• [EXERCISE GOAL]:
The required output is an exact restatement of the lines, starting with the one that contains "Подержанный автомобиль Changan" and finishing with the last line of the listing. It contains no pictures.

====

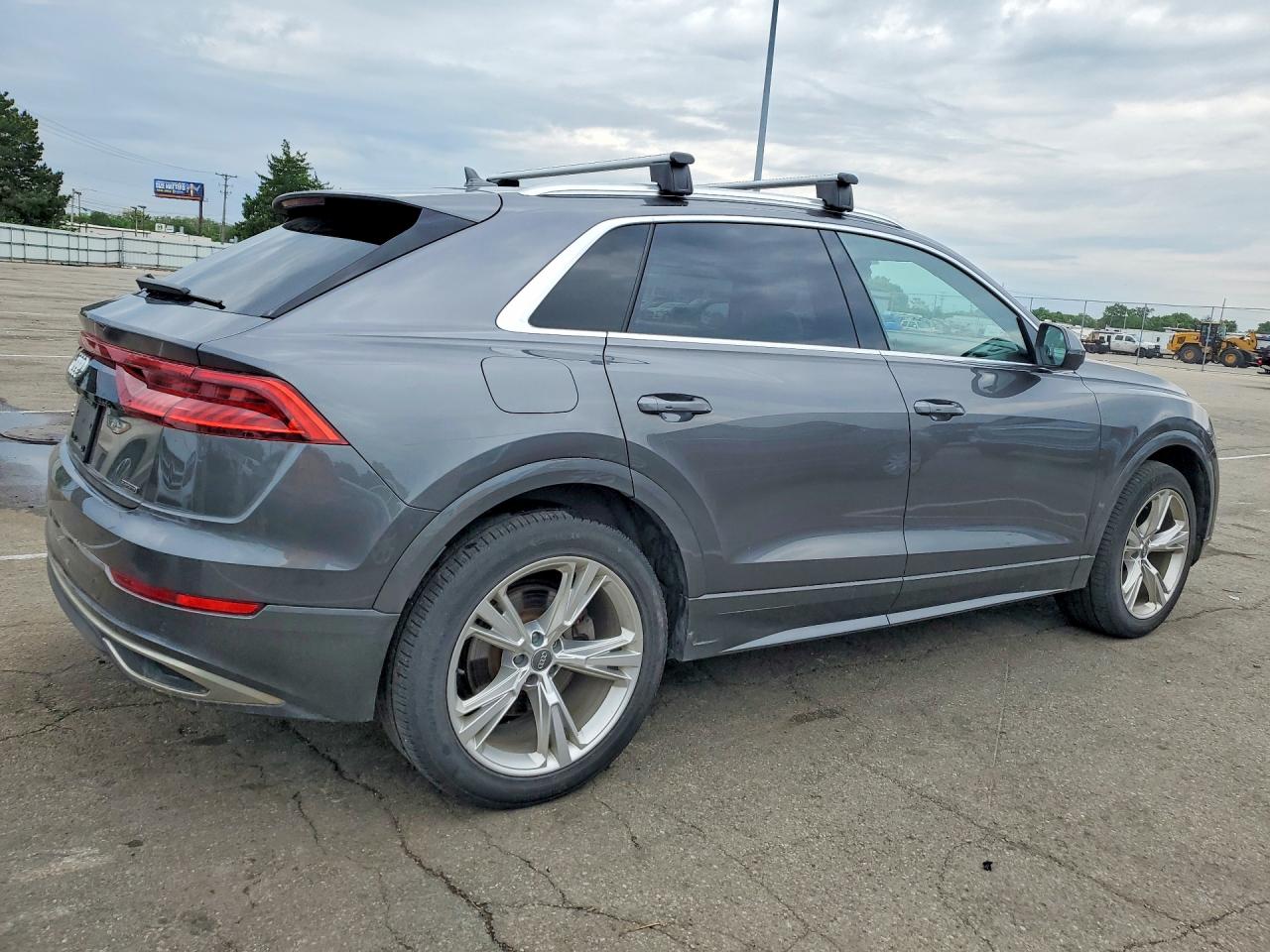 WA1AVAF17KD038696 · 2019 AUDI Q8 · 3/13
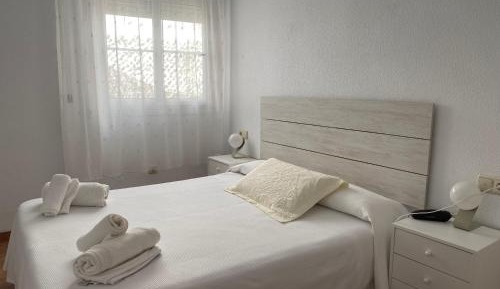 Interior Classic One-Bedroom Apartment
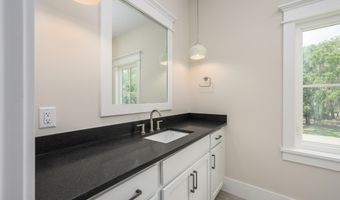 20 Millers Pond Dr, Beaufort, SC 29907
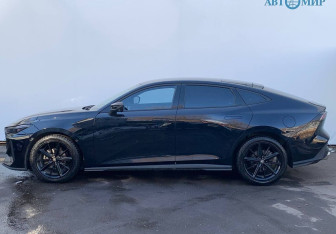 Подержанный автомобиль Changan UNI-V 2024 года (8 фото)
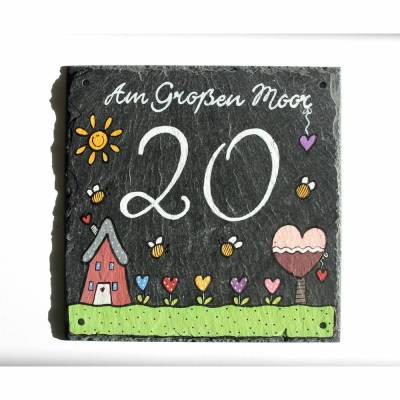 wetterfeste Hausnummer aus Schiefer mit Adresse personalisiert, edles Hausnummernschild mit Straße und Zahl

====

• [WRITTEN RESPONSE]:
 Подержанный автомобиль Changan UNI-V 2024 года (8 фото)
 wetterfeste Hausnummer aus Schiefer mit Adresse personalisiert, edles Hausnummernschild mit Straße und Zahl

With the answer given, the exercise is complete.